An oft heard inquiry from clients is, “What is the right metric to use?” The context might be for:
- Defining data quality
- Reporting the business impact of a data governance initiative
- Monitoring the progress of a digital or data-driven transformation
In all cases the assumption is that there is a definitive metric or key performance indicator (KPI). I guess it’s a fair question – it is certainly a popular one.
Some years ago there was great interest and hype associated with Performance Management. It went by other names, such as Corporate Performance Management and Enterprise Performance Management. Such initiatives sought to provide an aligned set of metrics for all the major activities in an organization. The theory made sense: get everyone working to the same hymn sheet (remember that old refrain?).
A simple example exposed the potential value of PM. Think of what happens when you:
- Chief Procurement Officer is encouraged to seek the lowest unit price per item ordered, in order to reduce company costs
- Warehouse Manager is encouraged to reduce average on-hand inventory holding costs, in order to reduce company costs
On paper both tasks seem focused on the same outcome – reduce cost. However the behavior that results leads to chaos. The CPO ends up trying to buy in bulk, in order to lower the unit price, and the warehouse guy tries to turn trucks away since they are adding to overall and average inventory carrying costs. In other words, the two metrics used provide local goals that when taken together, or globally, create complexity that will lead to inefficiencies.
Problems were legion, not least that it was real hard to implement and anyway, most firms have many metrics before they start the effort. Were there many proof points of success? It also took a long time to achieve and due to lack early value, it was a hard sell and not self-evidently valuable. But the concept remains interesting.
Yet here we are, being asked by clients for the right metric. I wonder how the Chairman of the Federal Reserve feels about metrics. I read an article in today’s US print edition of the Wall Street Journal titled, Is Money Easy or Tight? It depends on the Stock Market. The article explores the conditions of monetary policy and if it market is “tight” or “loose”. It so happens that the Fed manages interest rates to help with this tight/loose dynamic in order to help encourage economic growth while keeping inflation at bay.
The article suggests that the metric used to report on this market condition, interest rates, inflation, money support and so on, do not all lead to consistent interpretation. In other words, locally each piece of information means something that might be good – interest rates are low (which was supposed to encourage growth); inflation remains muted (which leads to stability in pricing, which helps – so the theory go – investment strategies), and yet pundits cannot agree if the market is:
- Getting tighter
- Getting looser
It seems we are at sixes and sevens when it comes to some of the economic metrics used to report where we are.

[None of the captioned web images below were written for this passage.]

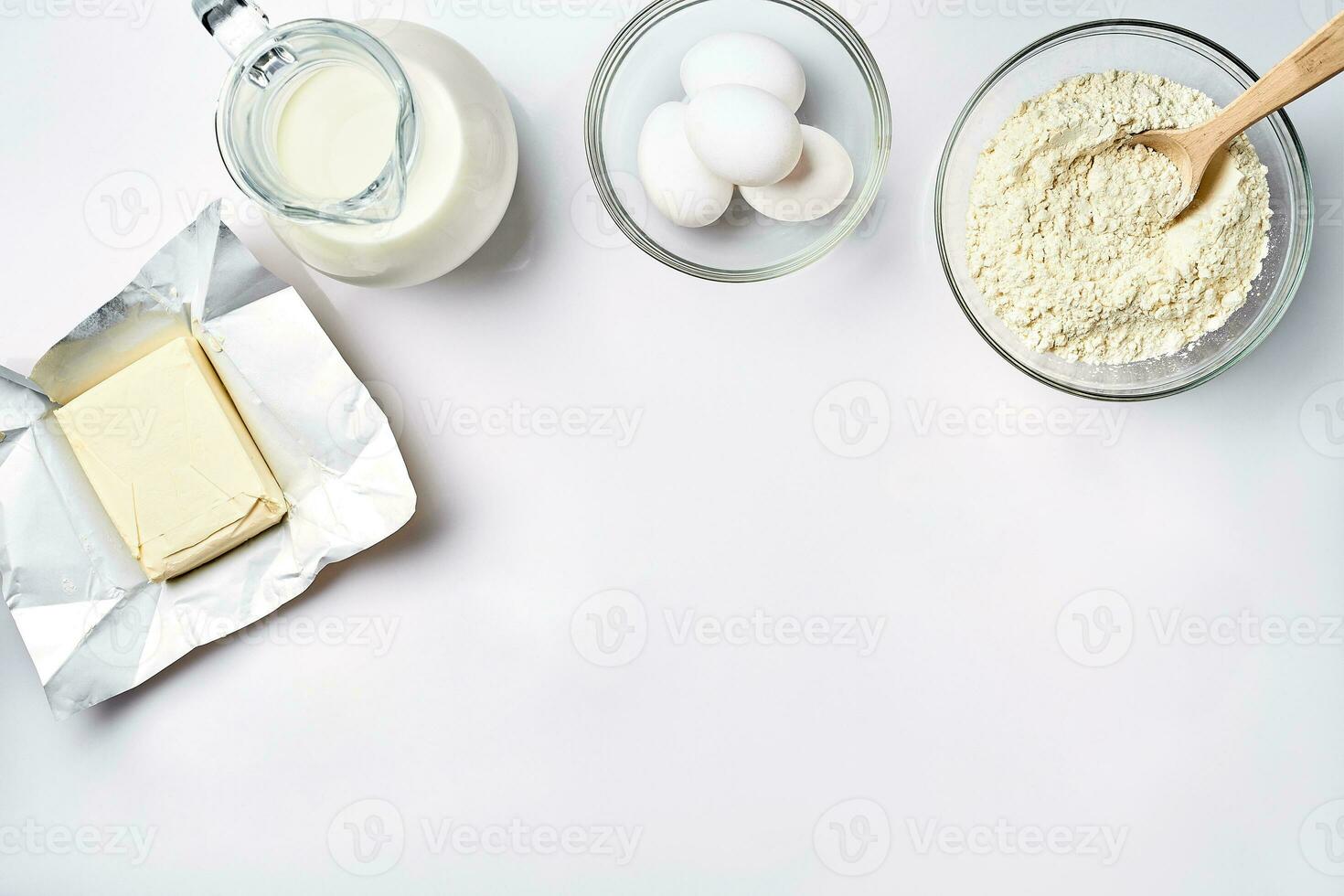 Wheat flour in the glass bowl, cream in a glass jar, butter, chicken eggs - ingredients for the dough, top view photo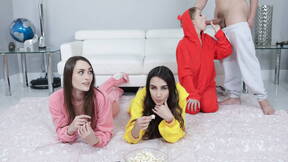 Enjoying movie, popcorn and cock in foursome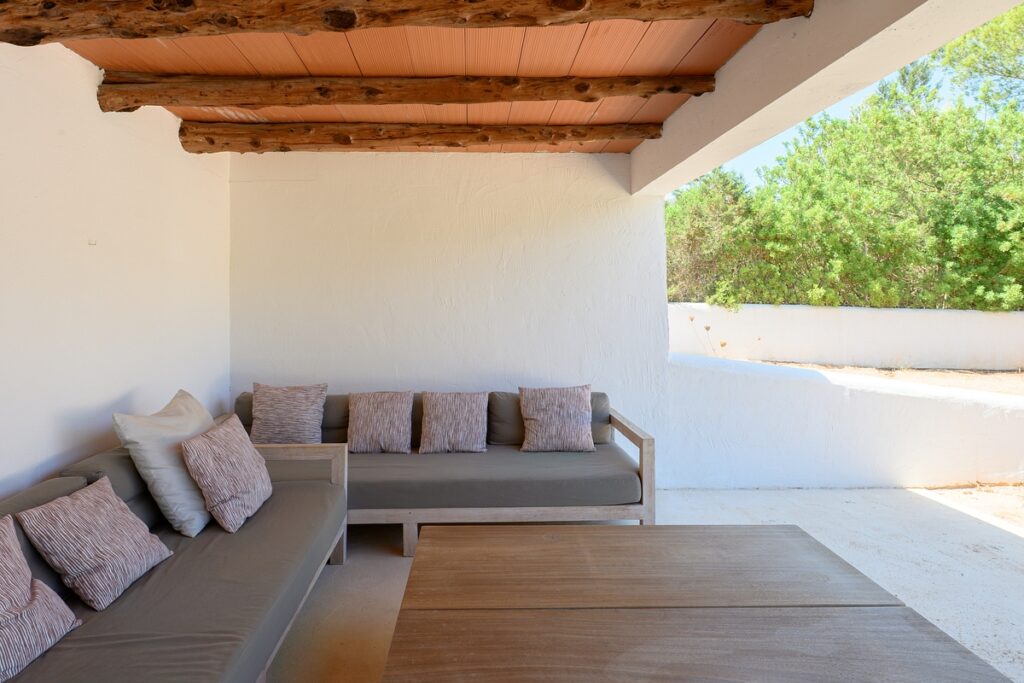 Outdoor patio with white walls, wooden ceiling beams, and two gray sofas with multiple cushions around a large wooden coffee table; greenery is visible outside the open wall. David Pearson Travel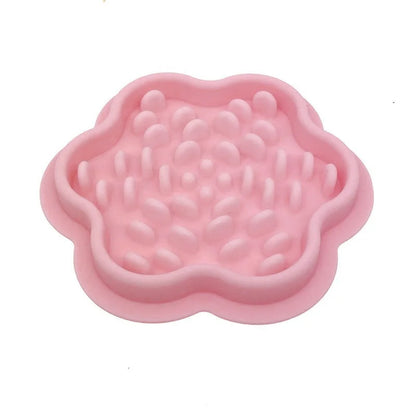Pink silicone pet slow feeder displayed on a white background.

I don’t have a quick answer for the Fed Chairman, nor do I have a quick answer for those clients looking for the ideal metrics. I do have silver bullets – bar the ones I had to leave in Calgary – long story; will tell you one day. But I can tell you that with enough understanding of the objective an organization is seeking to achieve, and knowing the stakeholders involved, we can get to the outcome and the metrics needed. Alas for the Fed, they play with much more complex systems.